Menurutnya, media sosial sekarang menyediakan kesempatan bagi siapapun untuk melakukan mobilitas vertikal. Media sosial, lanjutnya, berubah statusnya dari yang biasa membuatnya populer atau disebut micro celebrity. Karena media sosial, orang biasa yang bukan siapa-siapa menjadi terkenal.
“Nah, itu membentuk mimpi bagi anak-anak. Untuk menerobos popularitas melalui jalan pintas, seperti membuat konten TikTok, foto Instagram, dan vlog yang dirasa membuat mereka terkenal dengan cepat, ” ujar dosen mata kuliah Sosiologi Anak.
Fenomena Aksi Hadang Truk
Menurut Prof Bagong, fenomena hadang truk berkaitan dengan subkultur anak-anak yang sok jagoan. Pada kalangan remaja, mereka ingin menunjukkan identitas sosialnya, termasuk berani melawan bahaya, menentang norma, lalu diekspresikan lewat membuat konten tanpa menyadari risiko keselamatan nyawanya.
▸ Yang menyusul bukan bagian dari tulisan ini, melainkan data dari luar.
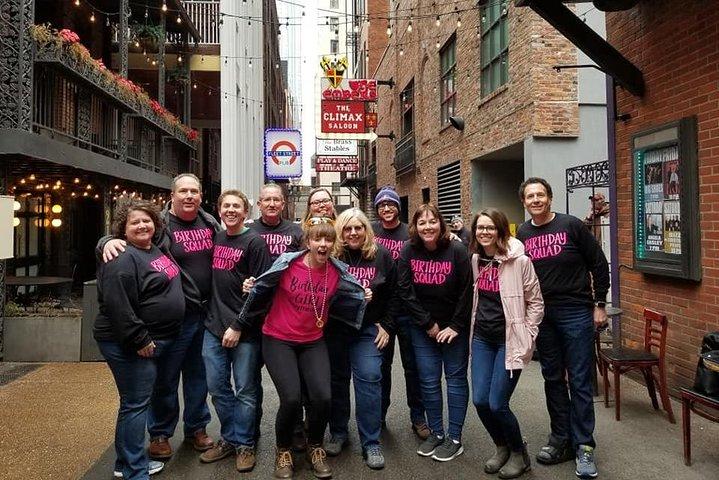 Nashville's Honky-Tonk Walking Sightseeing Pub Crawl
Menjawab perihal orang tua yang seolah olah tidak tahu, Dekan FISIP UNAIR juga menyebutkan terdapat kesenjangan budaya antara orang tua dan anak-anak yang disebabkan perbedaan generasi. Sebagian besar orang tua, sambungnya, tidak mengetahui aktivitas anaknya dengan konten, sehingga kurang pengawasan dalam bidang tersebut.
Baca juga:
Gugatan Mahasiswa UKI Ditolak oleh MK
|
Ajak Anak Melakukan Aktivitas Bermanfaat
Untuk mencegah atau mengatasi challenge yang serupa, Prof Bagong menyarankan untuk mengajak anak melakukan aktivitas yang bermanfaat. Menurutnya, ada namanya kampanye bijak bermedia sosial. Anak-anak yang sudah terlanjur itu, perlu pengawasan dari sekitarnya, khususnya orang tua.
“Untuk ikut mengawasi dan mencegah supaya para remaja tidak melakukan tindakan yang keliru dalam bermedia sosial. Hal itu memang membutuhkan orang terdekat, yang lebih memiliki kesadaran literasi, agar tidak terjadi, ” jelasnya.
Pada akhir, Prof Bagong menegaskan, anak-anak tidak bisa sekadar dilarang, melainkan mengarahkan ke kegiatan lain, melalui menerapkan pendekatan yang memahami subkultur. Misalnya, aktivitas yang memfasilitasi mentalitas sok jagoannya, sekaligus bisa menjaga keselamatannya.
“Selain itu, perlu bersama mencari jalan keluar yang dibarengi pengawasan demi memastikan keselamatan anak-anak, ” pungkasnya. (*)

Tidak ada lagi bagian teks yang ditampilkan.